Aviation mech, my rule is harbor freight for everything you don't put a lot of force on or trust your life to. (Breaker bars, extensions, sockets, lanyards, jacks, etc) Also Snapon is no longer worth it, it's all Chinese rebranded shit nowadays, I've seen them bend/break as much as any harbor freight tool.
I live about 2 miles from the Snap On factory where they make most of their tools and I'm not in China. I don't know where the materials come from though.
You don't just up and buy a higher quality version when you're stuck on the side of the road, you count your blessings that you have like 5 other extensions, all better brands than HF.
It's almost a nice convenient road kit, but yeah when you can literally twist-break an extension just using your hands and arms, the metal is shit tempered and can't handle torsion forces.
Which is exactly what ratchets and extensions are meant to handle, torsion forces, AKA twisty forces.
Oh for emergency in the car tools totally get the good stuff. But when you are trying to outfit your garage cheaply to get stuff done, it's a good enough starting point.

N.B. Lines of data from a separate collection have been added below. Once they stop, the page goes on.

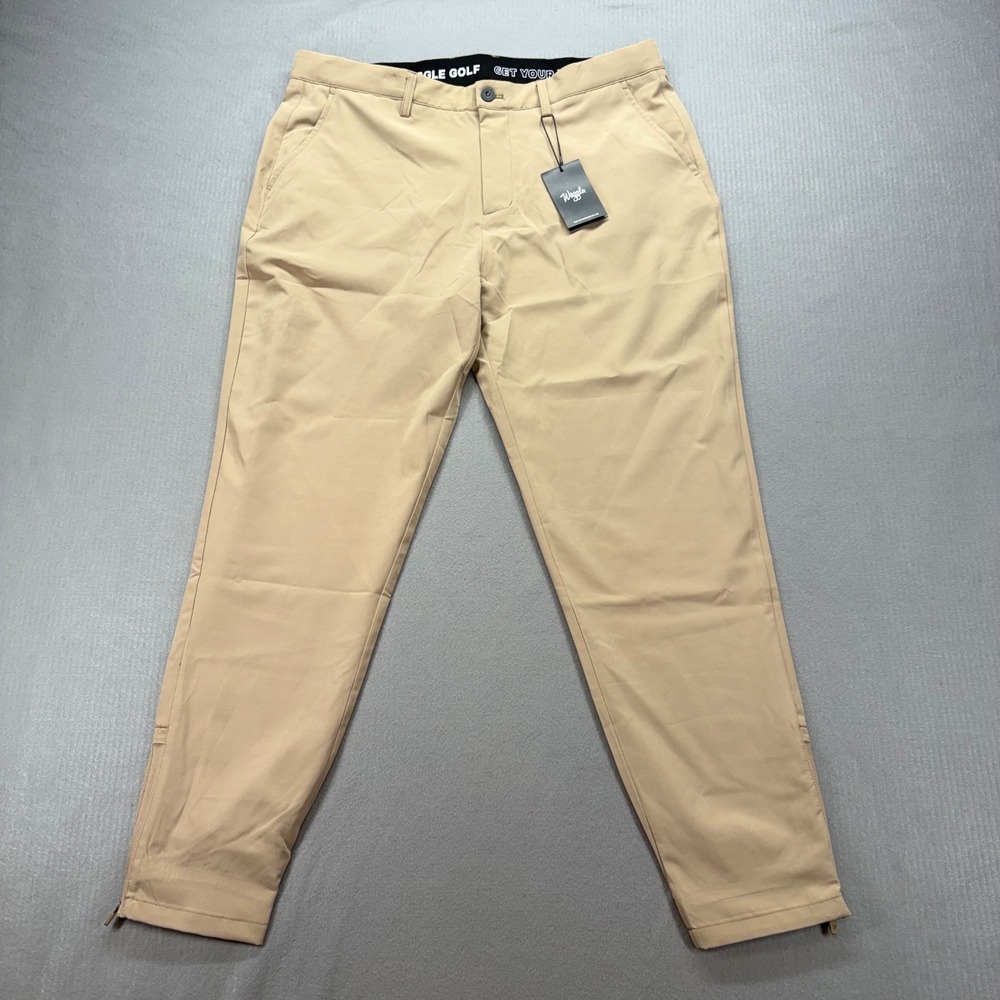 Waggle Golf Pants Mens 36x30 Tan Athletic Fit Breathable Zipper Ankle NWT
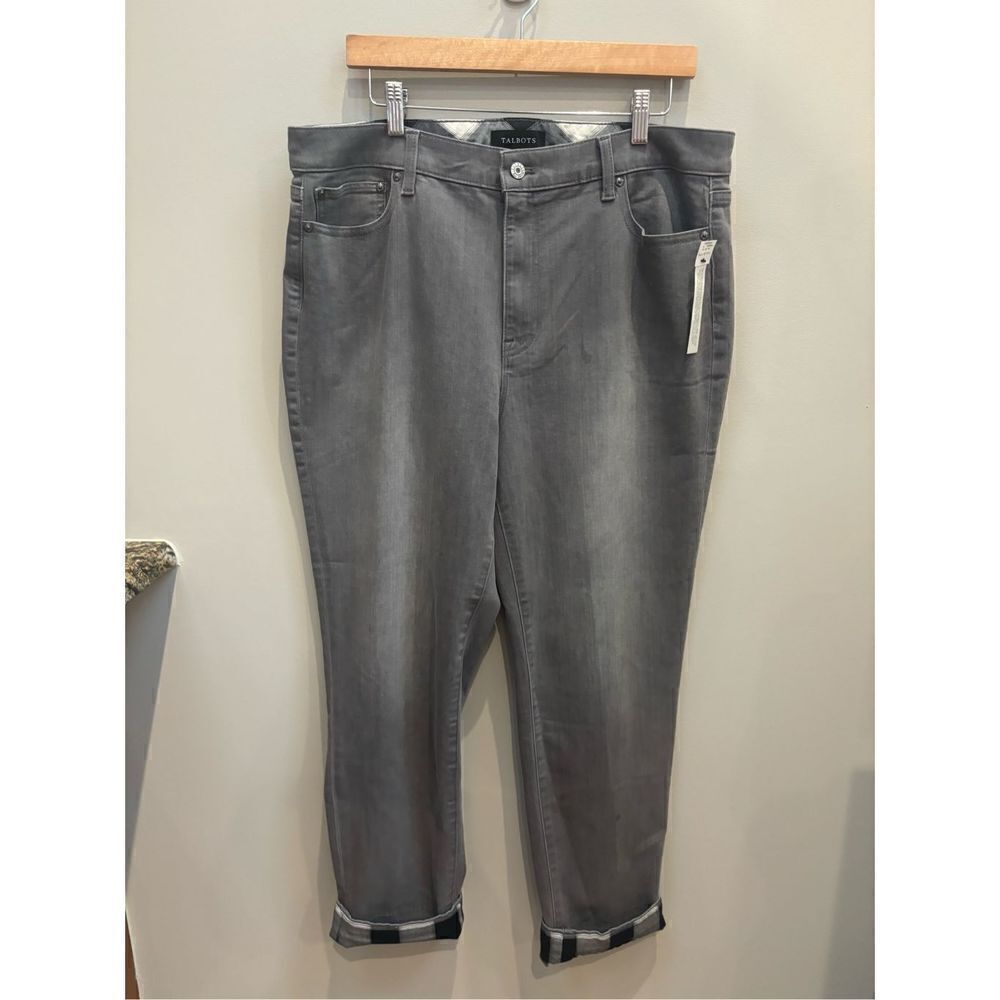Talbots NWT 14 gray folded hem buffalo plaid detail jeans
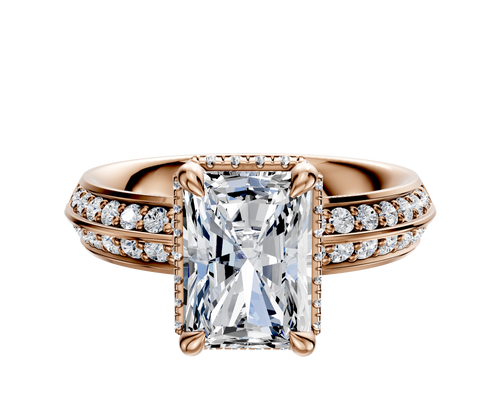 14K Rose Gold 4 Prong Collar Classic Knife Edge 1-Row-Pave 2.5mm Engagement Ring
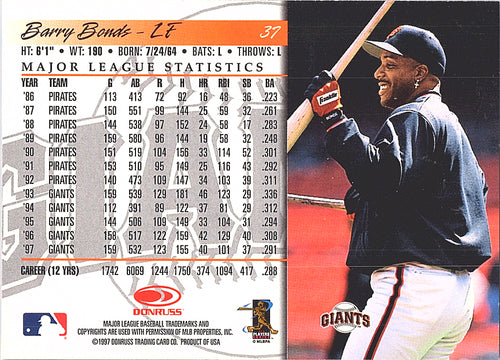 1998 Donruss Barry Bonds #37 San Francisco Giants Excellent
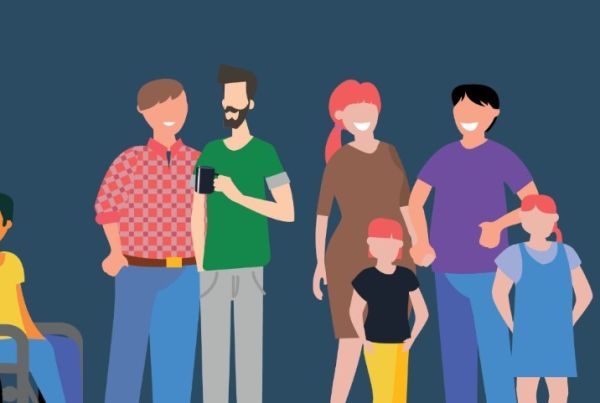 Diagram of people of different shapes, sizes and colours with rubbish bins and a rubbish truck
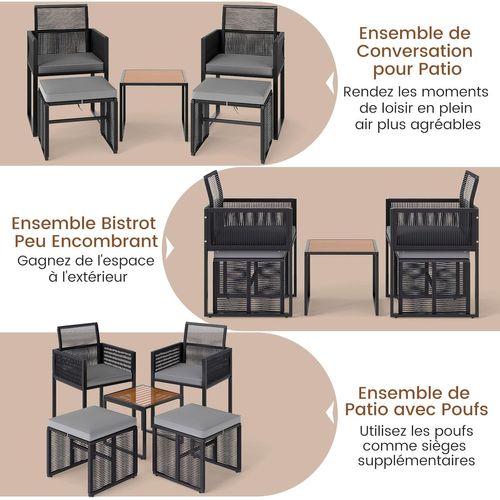 Ensemble De Meubles De Patio 5 Pièces, Osier Pe Avec 2 Chaises 2 Poufs Et 1 Table Basse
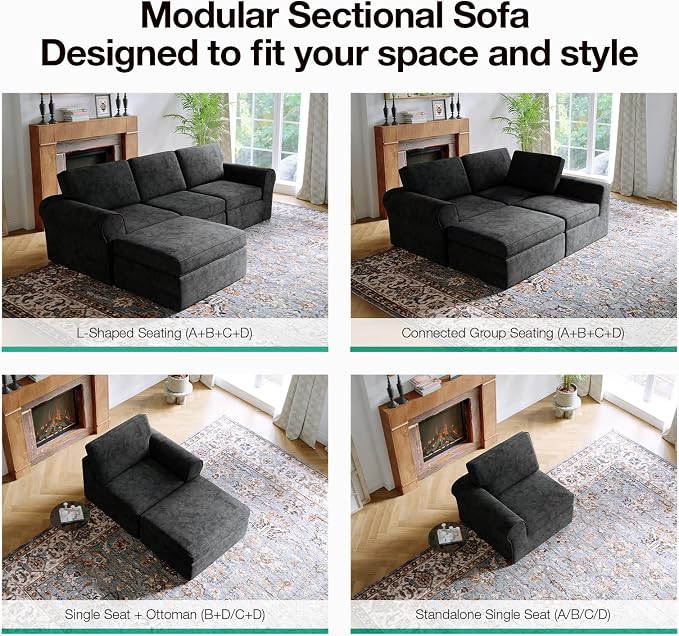 Novilla 108" Modular Sectional Sofa, Modular Sectional Couches - Image 18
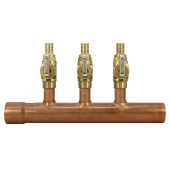 Sioux Chief 3-port Copper Manifold with 1/2" PEX Valves, 1" F x M Sweat - Image 1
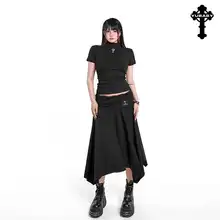 中低腰の不規則ヘムカジュアルロングスカート【シックスタイル・スリム効果あり】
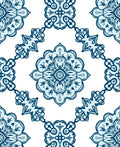 Classic Blue Floral Medallion Pattern Rug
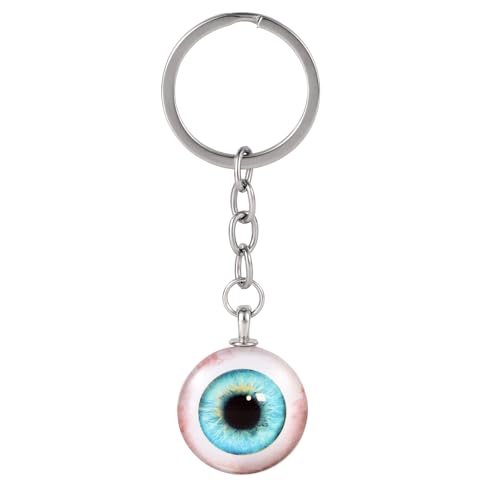 lasuroa Goth Eyeball Keychain, Vintage Horror Keychain Creepy Halloween Keyring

I broke this while replacing brake pads today, it couldn't handle a 17mm bolt. Thank goodness I have 5 other extensions, all other brands that aren't made of frozen peanut butter.
I actually do, stop being such an elitist. Yeah I've moved on to better tools, but the young and much more broke engineer that I was depended on HF for a lot of things.
Sorry you don't know how to "mechanic" other than with brute force. Try learning a little.
That’s basically what my Wera tools from amazon look like! Some asshole was like “Hey China, can I get a full set of impact rated tools with something vaguely germanic stamped on the outside?”
China: “Do you want us to put ‘impact rated’ on the box?”
Asshole: “Nah… that’s going to fuck our profit margin up.”